After locating the line that bears "Balenciaga Le Cagole", restate word for word that line and the rest of the listing to its final line, excluding all pictures.

:: INFORMATION SHOWN ::
• • •

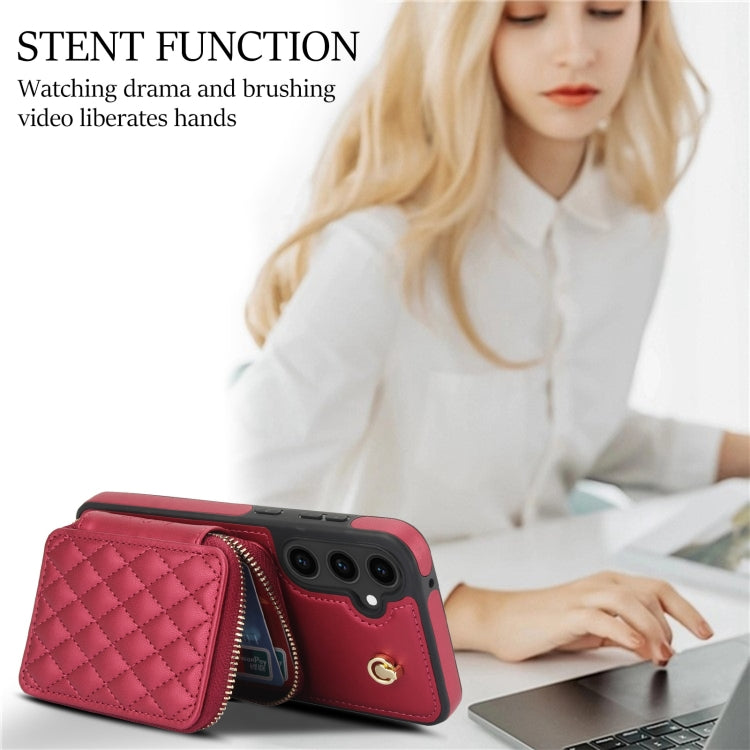 For Samsung Galaxy S23 FE 5G AwQuer Crossbody Zipper Wallet Rhombic Leather Back Phone Case(Red)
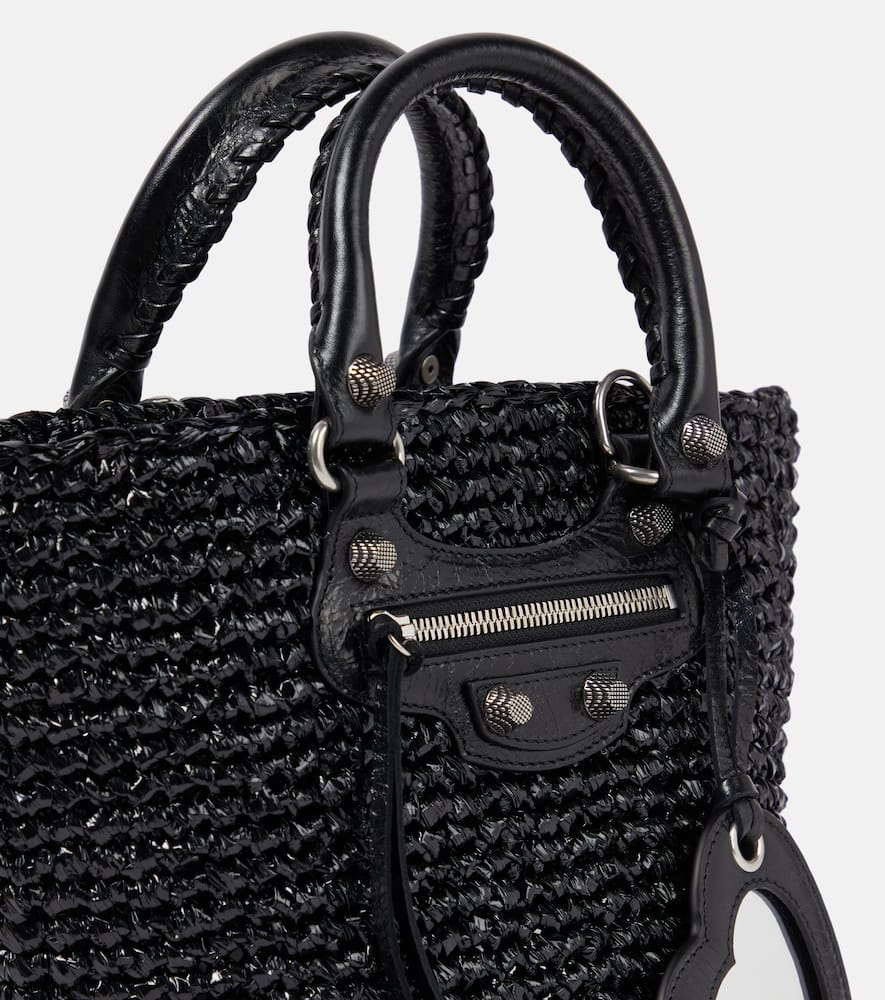 Balenciaga Le Cagole Panier Small raffia-effect basket bag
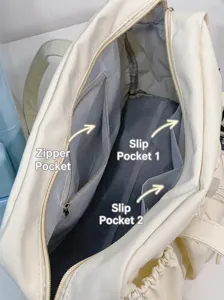 Korean soft drawstring tote bag interior detail showing pockets and compartments for daily use.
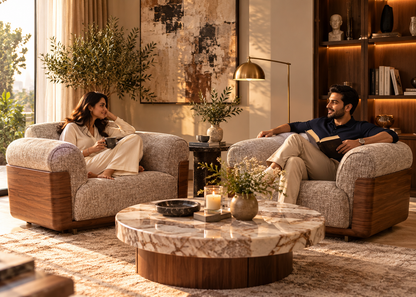 Two matching Otello Berger armchairs with rounded woven arms and walnut side panels with a woman and man lounging in a premium living room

• • •

:: ANSWER TO THIS TASK ::
 Balenciaga Le Cagole Panier Small raffia-effect basket bag
 Korean soft drawstring tote bag interior detail showing pockets and compartments for daily use.
 Two matching Otello Berger armchairs with rounded woven arms and walnut side panels with a woman and man lounging in a premium living room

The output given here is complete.